Despite the broad recovery, significant challenges persist. Intel remains a distinct underdog in the artificial intelligence race. Revenue from its Data Center and AI unit fell 1% to $4.1 billion. Its foundry business, while narrowing its operating loss to $2.3 billion from $5.8 billion a year ago, remains almost entirely reliant on internal orders, making external customer acquisition critical for its path to profitability.

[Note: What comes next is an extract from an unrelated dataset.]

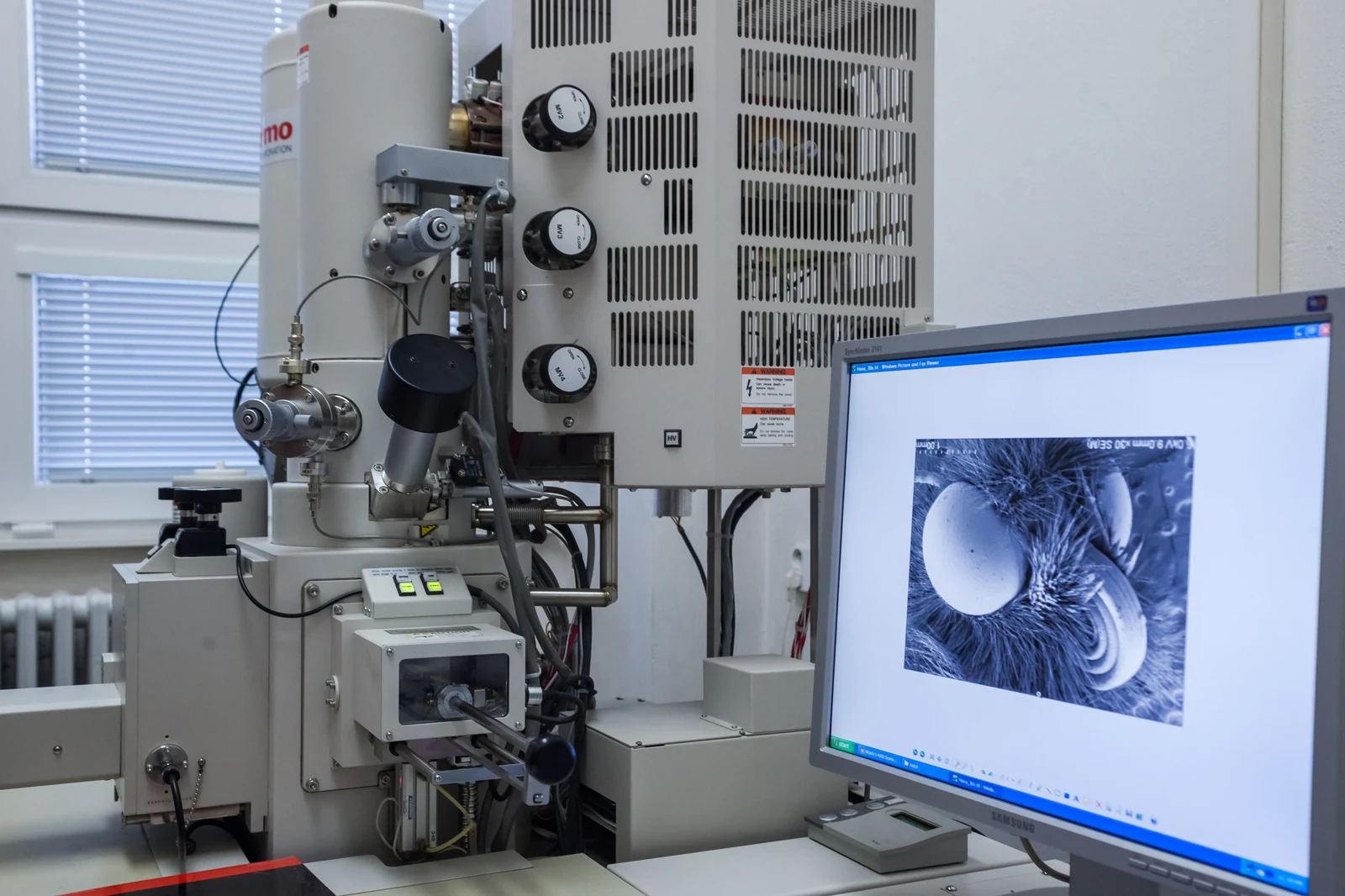 Scanning electron microscope at the J. Heyrovsky Institute, Prague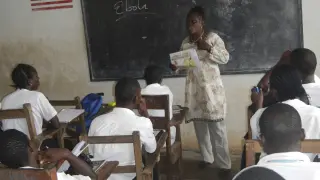 Una profesora habla a sus alumnos sobre el ébola, en Liberia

“Building a great company is a journey, and we are moving at speed to improve our execution across the business,” said CEO Lip-Bu Tan on the earnings call. Since taking the helm in March, Tan has maintained his predecessor’s strategic direction while enforcing stricter financial discipline, including pausing expansion into projects with uncertain returns. This fiscal prudence, however, raises concerns about technological competitiveness; a planned $28 billion chip factory in Ohio has been delayed until after 2030.

Strategic infusions have bolstered market confidence this year. Intel has secured approximately $15 billion in new capital, including $9 billion from the U.S. government, a $5 billion strategic investment from Nvidia, and $2 billion from SoftBank. The U.S. government’s grant, structured with an uncommon warrant provision, is seen by analysts as a potent signal that Washington will not let the national chip champion fail.

Acknowledging Nvidia’s dominance in AI training chips, CFO Zinsner suggested a potential opportunity lies in the AI inference market. As more models complete training, demand for lower-cost, lower-power CPUs for inference could rebound, potentially benefiting Intel’s data center business.

Analysts suggest that for Intel to truly reclaim its industry leadership, it must achieve a technological breakthrough in AI chips and successfully attract major external clients to its fledgling foundry operations. Propelled by a cyclical PC market recovery and a strong vote of strategic confidence, the iconic chipmaker is firmly on a rebuilding track, yet the road ahead remains fraught with competition and execution risks.